The headline numbers are unambiguous. Opus 4.7 hits 64.3% on SWE-bench Pro (+11 points over 4.6), 87.6% on SWE-bench Verified (+7 points), and claimed #1 on Vals Index at 71.4% — up from a 67.7% previous best. Cursor's internal benchmark jumped from 58% to 70%; Notion reportedly saw a 14% lift with one-third the tool errors. Swyx's AINews summary is the most comprehensive read: 4.7-low is strictly better than 4.6-medium, 4.7-medium strictly better than 4.6-high, and 4.7-high beats 4.6-max — with a new xhigh effort tier that Claude Code now defaults to.

The vision upgrade is the sleeper story. Opus 4.7 accepts images up to 2,576px on the long edge (~3.75 megapixels), more than 3x prior Claude limits, with no downscaling. For computer-use agents parsing dense screenshots or fine-grained diagram extraction, this is a material capability shift, not a footnote.

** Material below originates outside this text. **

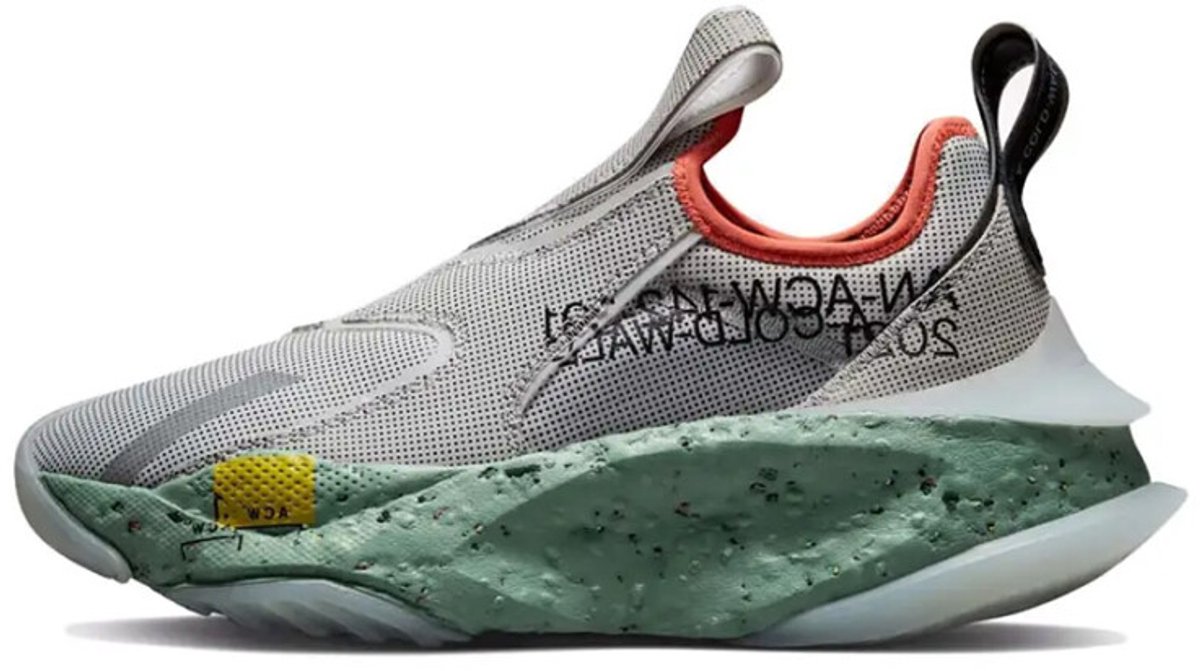 Converse Aeon Active CX 'A-COLD-WALL Micro Chip Healing Jade' - Maat 35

Where it gets messier is the tokenizer. Several observers flagged that 4.7 ships a different tokenizer from 4.6, prompting debate about whether this is a new base model, a tokenizer-swapped continuation, or a Mythos distillation. Anthropic's Boris Cherny acknowledged that the same input can map to 1.0–1.35x more tokens depending on content type, while simultaneously arguing that reasoning efficiency improved enough that total token use is still down up to 50% versus equivalent 4.6 effort levels. Cherny said Anthropic increased subscriber limits to compensate — but enterprise document pipelines face real cost pressure: LlamaIndex's ParseBench comparison puts Opus 4.7 at ~7¢/page for OCR-like work, versus ~0.4¢ for their cost-effective mode.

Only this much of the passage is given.